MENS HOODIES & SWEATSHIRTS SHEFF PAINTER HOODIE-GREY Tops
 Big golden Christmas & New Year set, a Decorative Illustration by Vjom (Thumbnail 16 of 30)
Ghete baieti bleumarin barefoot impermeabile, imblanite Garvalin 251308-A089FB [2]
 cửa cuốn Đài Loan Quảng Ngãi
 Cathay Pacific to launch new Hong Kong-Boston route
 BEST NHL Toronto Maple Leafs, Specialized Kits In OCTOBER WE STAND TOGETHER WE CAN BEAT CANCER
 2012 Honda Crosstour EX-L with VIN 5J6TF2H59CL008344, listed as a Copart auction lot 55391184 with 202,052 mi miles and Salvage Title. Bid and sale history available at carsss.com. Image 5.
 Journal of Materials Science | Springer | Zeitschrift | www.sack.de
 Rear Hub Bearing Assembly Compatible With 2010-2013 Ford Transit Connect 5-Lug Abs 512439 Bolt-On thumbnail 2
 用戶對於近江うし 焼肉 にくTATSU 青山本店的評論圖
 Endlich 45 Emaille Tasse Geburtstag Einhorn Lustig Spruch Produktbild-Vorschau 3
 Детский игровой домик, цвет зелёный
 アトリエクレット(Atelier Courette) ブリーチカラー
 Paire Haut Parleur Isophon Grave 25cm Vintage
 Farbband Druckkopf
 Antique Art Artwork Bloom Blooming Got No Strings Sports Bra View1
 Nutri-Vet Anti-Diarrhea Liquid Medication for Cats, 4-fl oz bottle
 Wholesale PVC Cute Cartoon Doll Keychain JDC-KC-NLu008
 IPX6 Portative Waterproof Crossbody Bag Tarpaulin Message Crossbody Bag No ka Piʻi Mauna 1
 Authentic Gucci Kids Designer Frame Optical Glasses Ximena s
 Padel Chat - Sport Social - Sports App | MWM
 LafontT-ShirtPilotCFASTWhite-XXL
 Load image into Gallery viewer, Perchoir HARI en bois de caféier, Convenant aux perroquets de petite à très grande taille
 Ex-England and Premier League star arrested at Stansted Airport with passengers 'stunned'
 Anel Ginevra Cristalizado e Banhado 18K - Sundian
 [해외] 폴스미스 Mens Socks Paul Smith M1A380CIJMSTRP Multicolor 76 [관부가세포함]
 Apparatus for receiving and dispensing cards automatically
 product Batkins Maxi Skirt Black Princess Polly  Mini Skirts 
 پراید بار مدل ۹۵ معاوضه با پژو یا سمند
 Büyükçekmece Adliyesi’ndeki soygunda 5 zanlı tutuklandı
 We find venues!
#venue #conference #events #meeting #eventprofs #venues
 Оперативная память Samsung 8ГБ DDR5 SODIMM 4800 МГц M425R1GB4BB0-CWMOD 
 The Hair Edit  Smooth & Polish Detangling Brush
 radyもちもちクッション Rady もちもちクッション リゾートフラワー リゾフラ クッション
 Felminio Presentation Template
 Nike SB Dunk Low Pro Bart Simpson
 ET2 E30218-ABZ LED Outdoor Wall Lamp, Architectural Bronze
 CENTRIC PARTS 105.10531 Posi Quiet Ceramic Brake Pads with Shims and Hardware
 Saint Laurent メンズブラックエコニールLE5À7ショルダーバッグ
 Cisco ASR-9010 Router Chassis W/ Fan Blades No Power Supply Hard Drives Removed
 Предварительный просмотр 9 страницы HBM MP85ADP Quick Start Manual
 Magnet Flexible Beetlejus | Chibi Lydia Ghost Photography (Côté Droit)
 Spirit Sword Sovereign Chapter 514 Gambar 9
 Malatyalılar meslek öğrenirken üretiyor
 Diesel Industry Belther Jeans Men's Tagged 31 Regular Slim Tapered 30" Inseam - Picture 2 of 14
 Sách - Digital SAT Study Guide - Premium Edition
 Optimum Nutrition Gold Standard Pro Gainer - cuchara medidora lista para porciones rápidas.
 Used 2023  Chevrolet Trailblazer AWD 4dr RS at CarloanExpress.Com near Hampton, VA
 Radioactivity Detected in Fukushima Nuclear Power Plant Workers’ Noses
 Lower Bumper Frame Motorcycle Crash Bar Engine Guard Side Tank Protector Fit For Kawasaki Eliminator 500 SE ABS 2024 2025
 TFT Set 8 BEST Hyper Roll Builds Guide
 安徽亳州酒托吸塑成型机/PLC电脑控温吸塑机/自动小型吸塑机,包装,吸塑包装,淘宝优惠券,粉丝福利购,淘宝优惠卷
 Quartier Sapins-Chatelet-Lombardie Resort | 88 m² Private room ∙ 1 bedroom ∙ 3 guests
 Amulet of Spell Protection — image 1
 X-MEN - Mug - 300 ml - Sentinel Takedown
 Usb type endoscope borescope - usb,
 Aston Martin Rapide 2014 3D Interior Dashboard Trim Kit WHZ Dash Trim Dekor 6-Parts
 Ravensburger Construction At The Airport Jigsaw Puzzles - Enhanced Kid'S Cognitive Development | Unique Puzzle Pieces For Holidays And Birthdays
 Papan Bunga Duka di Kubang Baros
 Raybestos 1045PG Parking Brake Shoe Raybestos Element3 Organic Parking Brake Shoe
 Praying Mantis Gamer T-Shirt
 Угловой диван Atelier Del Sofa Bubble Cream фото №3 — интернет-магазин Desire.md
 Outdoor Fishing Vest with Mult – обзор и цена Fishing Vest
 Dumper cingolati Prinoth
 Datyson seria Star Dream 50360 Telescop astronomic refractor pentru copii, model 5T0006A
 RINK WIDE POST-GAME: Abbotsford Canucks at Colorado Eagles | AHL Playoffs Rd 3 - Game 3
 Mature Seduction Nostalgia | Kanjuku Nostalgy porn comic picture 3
━━━━━━━━
# Problem to work on
Determine how many lines in the records include the word "Airport", and reply with that number alone.

# Exercise response
2